Where should I start? It’s the end of another year of racing and just like all the rest it’s been an incredibly unique and exciting experience for me. I visited many of the usual stops as well as a lot of new ones during my season long tour and together they shaped my year into what it was. Some places I wanted to have a complete do-over, others I wished I could have just skipped entirely, and then of course there were the times I wouldn’t trade for anything. Now, as I get to look back on it all I can see that if I didn’t have the times where I got my ass kicked I wouldn’t so easily have found the motivation or perspective I needed to improve and that without the bad days the good ones never could have felt so great. Anyways that’s the deepest opening I could manage so let me recap the last several weeks (if you were with me on tour or know already just skip ahead, I won’t be offended… too badly).
Oh dear, so I just looked back on where I brought you up to date on my last blog and it appears I’ve been slacking off… and it would also appear that this could take more than a couple sentences so get comfortable.
This is the story of my recent months, and it starts quite similarly to any other; I was once again boarding a plane and heading east. This time it would be for my seasons only two World Cup starts, both in downhill and both on awesome tracks: Garmish and Kvitfjell (Both are in my videos). I was very excited as always, and nervous too. I felt ready to go and really put the screws to it, you know, send it hard and make some points. That didn’t happen… I made some silly mistakes that stifled my chances of putting down fast runs. It was sad times for Morgan, but it was also a turning point for me. I had gotten the wakeup call I needed and worked hard to reign in my focus and technical basics, and over the next week of training I began skiing better and better. The way I had imagined skiing before the World Cups… odd how it often takes small failures to breed future success, and odder still how easy it is to see it now compared to how tough it is to understand it at the time.
Skipping ahead through the set of mind-numbingly long travel days to get back to Canada, I will say briefly that it’s pretty darn hard not to feel epic and maybe a little emotional when you are always flying off into the sunset. It’s easy to get lost in some obscure thought while you stare into endless orangey clouds over the middle of nowhere. It’s the only part about being on a plane that I really enjoy. I mean the food is pretty good to though….

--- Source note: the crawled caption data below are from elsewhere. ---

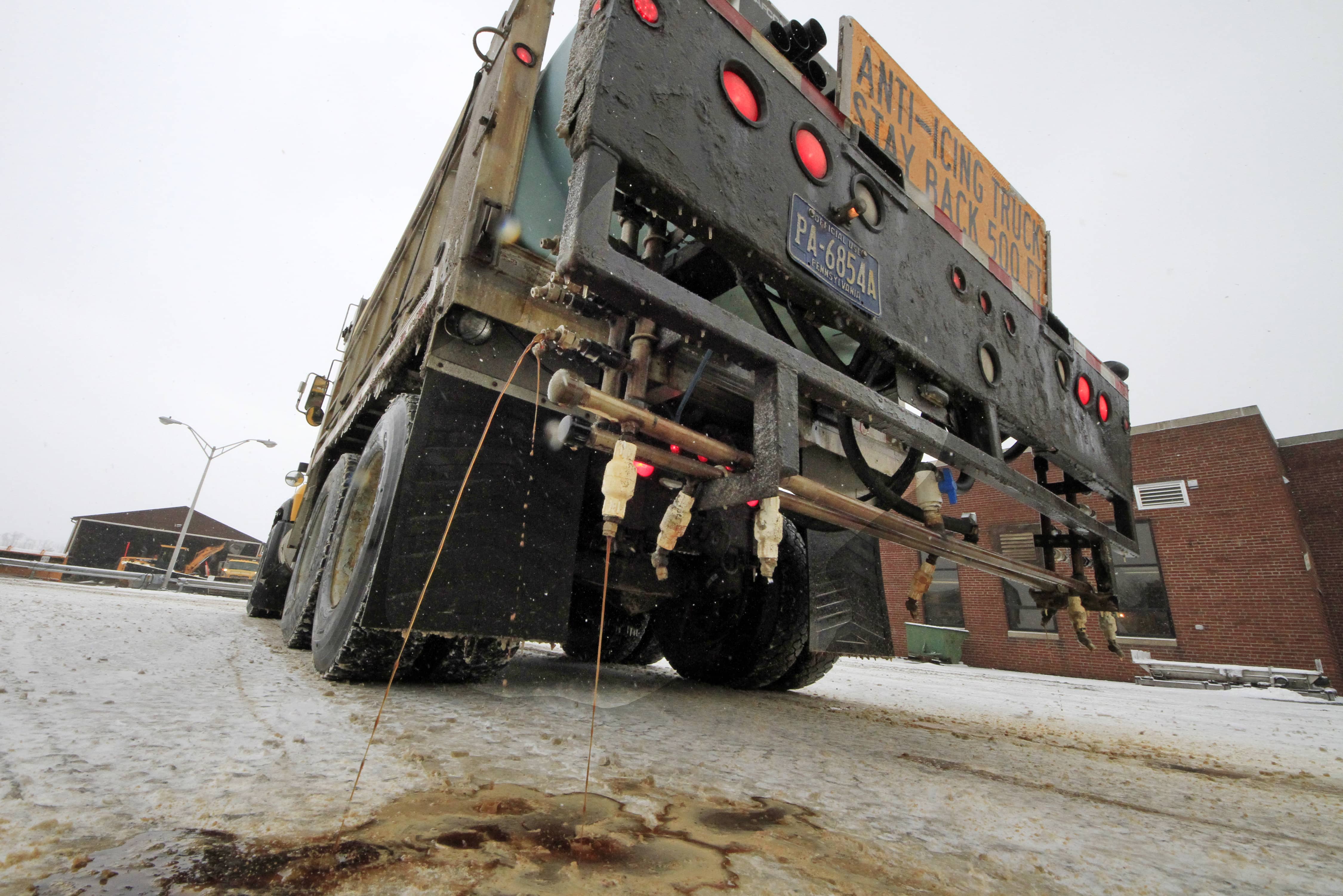 Truck spreading brine on Pennsylvania road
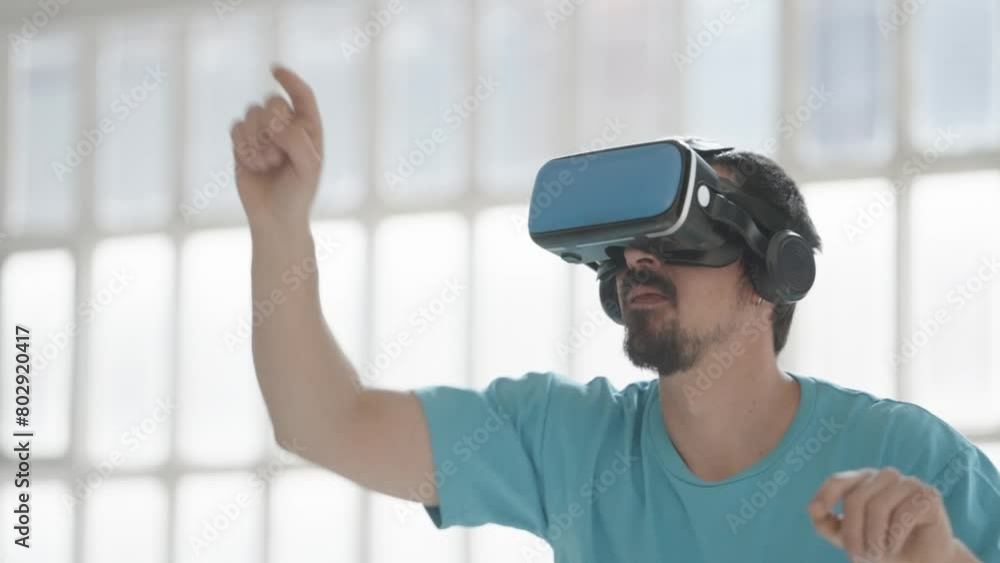 Young man using virtual reality glasses with controllers, playing video games, gamer wearing new generation gaming headset for entertainment and education at home, future technology concept. High Young man using virtual reality glasses with controllers, playing video games, gamer wearing new generation gaming headset for entertainment and education at home, future technology concept. High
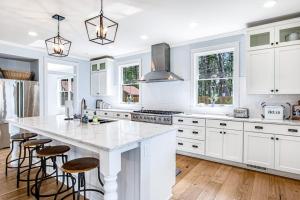 a kitchen with white cabinets and a large island with bar stools at Summer Breeze in Sayner +40 photos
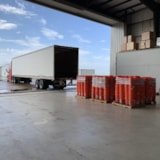 Hurricane Dorian relief buckets are staged by an open trailer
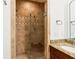 Modern tiled shower with a glass door and a built-in bench at 2855 Middlecreek Way # 2855, Cumming, GA 30041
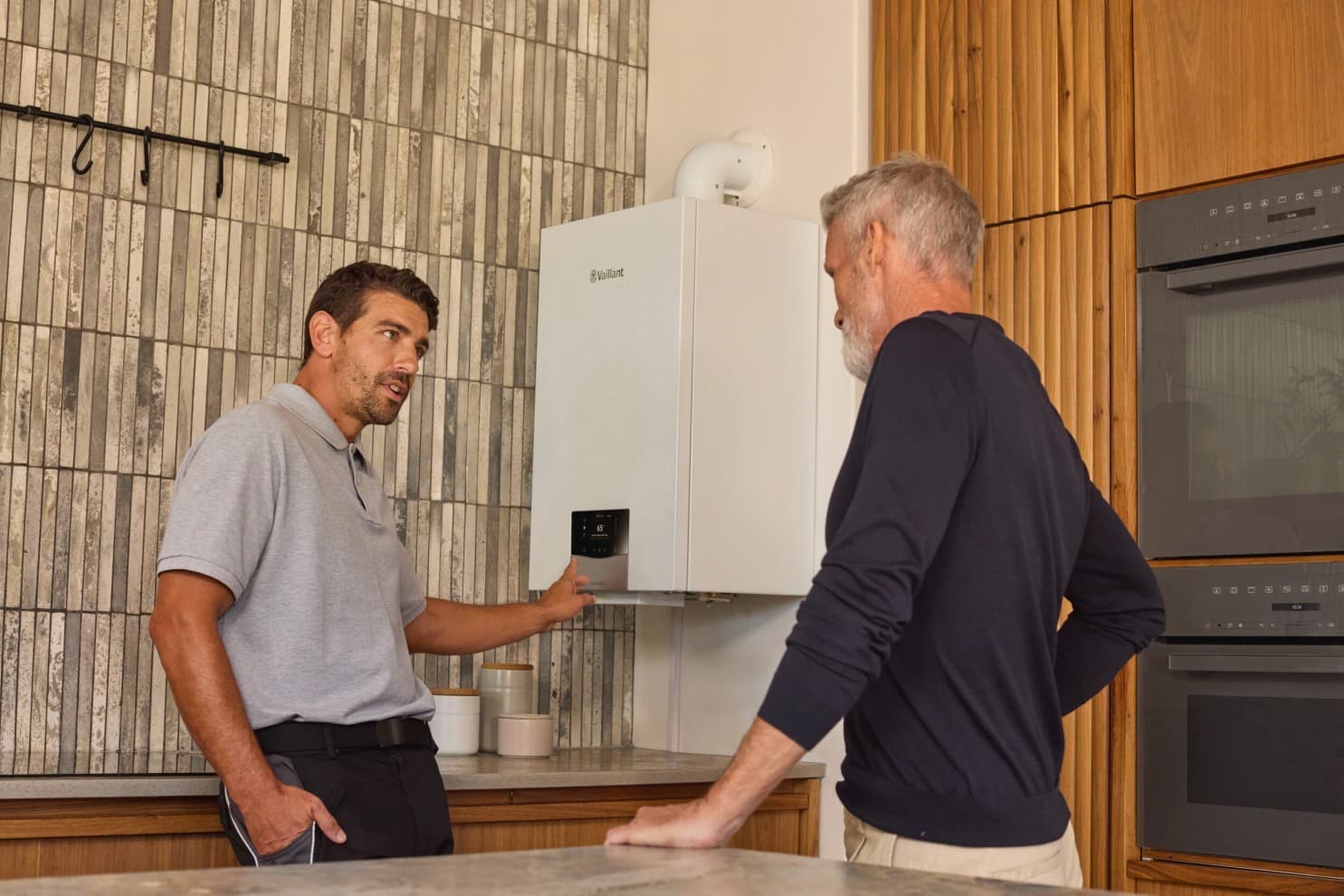 Un installateur expliquant le fonctionnement d'une chaudière à un client | Vaillant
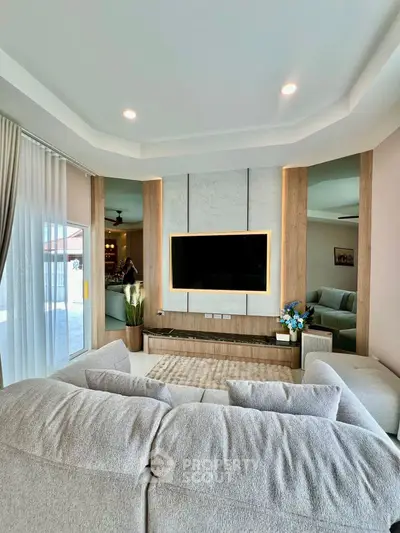 Spacious modern living room with stylish decor and large TV, perfect for relaxation.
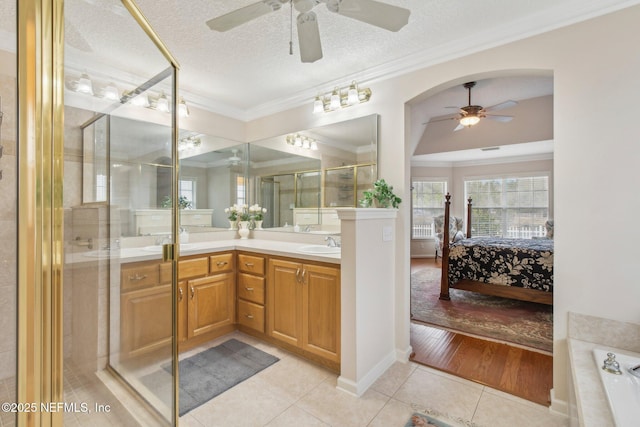 bathroom featuring shower with separate bathtub, a textured ceiling, tile patterned flooring, vanity, and crown molding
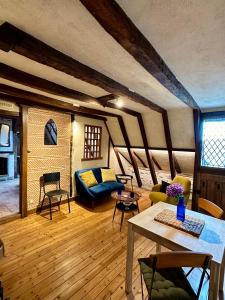a living room with a couch and a table at Le Petit Tinténiac - T2 cosy au cœur de la Doutre in Angers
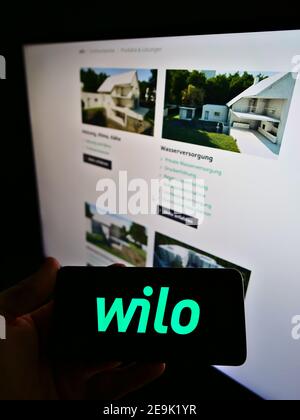 Personne portant un smartphone avec le logo du fabricant allemand de systèmes de pompe Wilo se affiché devant la page Web d'affaires. Mise au point sur l'écran du téléphone. Banque D'Images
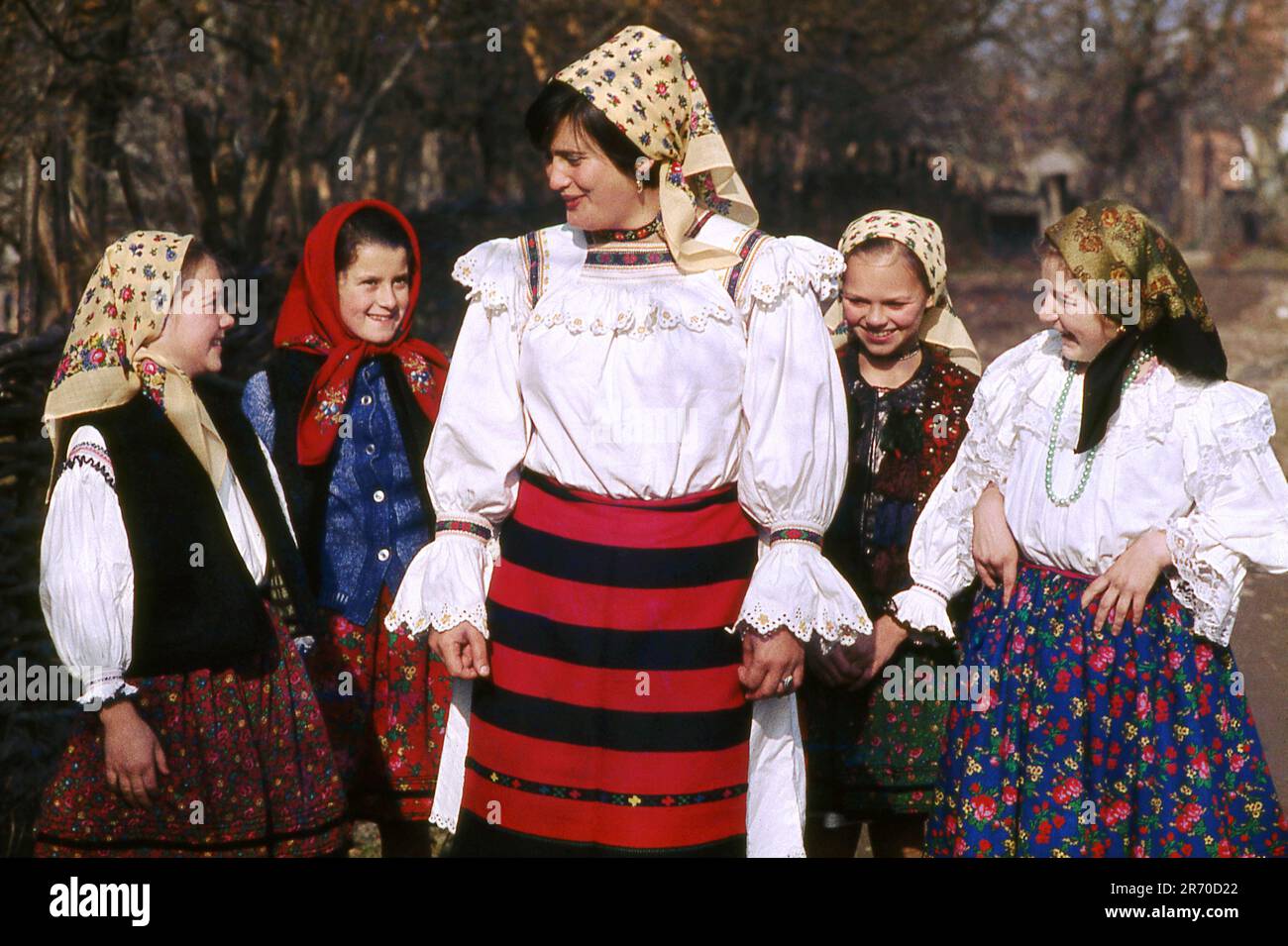 Woman and girls wearing traditional handmade costumes in Maramures,  Romania, in the 1970s Stock Photo - Alamy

Anyways, let me set the mood, its Nor-am finals at Nakiska, there are two Super-G’s left. Beauty conditions for a race. I’m nervous, I have to win, I have bib one, and I’m nervous too. At least though my nerves weren’t about winning so much as they were about whether or not I would ski the way I had been in training. I push out of the start and then shortly after that I cross the finish line. Naturally being the only one to have come down the course I was wining, this was a relief. I held on for 29 more racers and got my first victory of the year! I also got the ball rolling and kept my good form for two more races, winning me the Nor-am Super-G and Super Combined titles! Happiness at last for a long hard season.
I’m now looking forward to some summer and time out of my boots spent in the sun. I want to wrap this up right and without sounding too man crushy, thank all of my teammates for making this a heck of a season. You guys are my family eight months of the year… some of you are my family all time. See you all in Calgary (yay) where it all starts over again.